Moya Bailey describes misogynoir as "where racism and sexism meet, an understanding of anti-Black misogyny."[4] The concept is grounded in the theory of intersectionality, which analyzes how various social identities such as race, gender, class, and sexual orientation interrelate in systems of oppression.


Bailey coined the term misogynoir in 2010 while she was a graduate student at Emory University. She first used it on the Crunk Feminist Collective blog to discuss misogyny toward black women in hip hop music.[5][6] Misogynoir combines misogyny and noir to describe anti-black sexism faced by black women. Bailey considered other terms, such as sistagyny, before settling on misogynoir.

The media connotation of noir factored into Bailey's decision. In 2013, an article by Bailey on misogynoir and gender oppression in hip-hop was published in Souls: A Critical Journal of Black Politics, Culture, and Society.[7] The concept of misogynoir has been accepted and used as a term by many black feminists and cultural critics, especially in the blogosphere.[8][9][10] In a foreword to Michele Wallace's book Black Macho and the Myth of the Superwoman, Jamilah Lemieux wrote that misogynoir "can come even from those who are black, who were raised by black women and profess to value black people."[11]

In an article in the Albany Law Review, authors Aimee Wodda and Vanessa R. Panfil write that trans women of color experience violence at a greater rate than other populations. This transmisogyny towards black people has been characterized as "transmisogynoir".[12]

The term transmisogynoir was created to refer to the intersection between transmisogyny and misogynoir, meaning the oppression of black trans women. Transmisogynoir encomposes transphobia, misogyny, and antiblackness. It was coined by Trudy of the womanist blog Gradient Lair.[13]
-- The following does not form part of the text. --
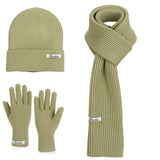 Winter knitted beanie, scarf, and touch screen gloves set by HSF Marketplace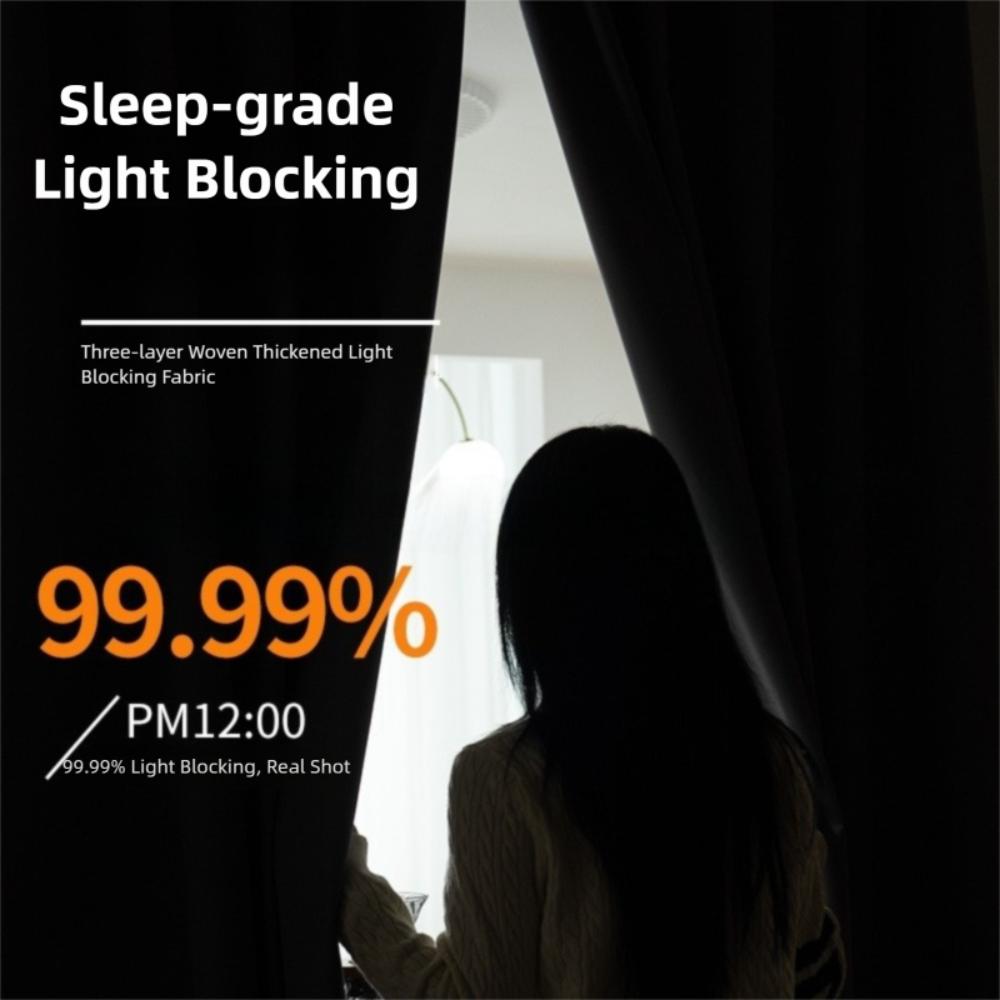 No Drilling Sunshade Curtains Solid Color Insulation Curtains  for Bedroom Bathroom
Protest against misogynoir

Though misogynoir can be perpetrated by anyone, the term most often refers to the misogyny experienced by black women at the hands of black men. As the plight of the black man in America remains at the forefront of society, black feminist work as well as the issues similarly facing African American women are erased and ignored.

For example, the Black Lives Matter movement, created in 2012, was founded by three black women: Alicia Garza, Opal Tometi, and Patrisse Cullors, nevertheless, this is little known throughout the wider community and while the movement specifically states it advocates for the lives of the entire black community, protests and activists groups invoking the #BlackLivesMatter hashtag and mission are disproportionately rallying cries for justice on behalf of African American men. Incidences where police wrongfully kill or assault black women (as well as transgender, non-binary, and gender non-conforming black people) receive significantly less attention, as evidenced by the lack of media attention surrounding the 2015 case of Officer Daniel Holtzclaw who used his authority to prey on and assault upwards of 13 black women.[14][15]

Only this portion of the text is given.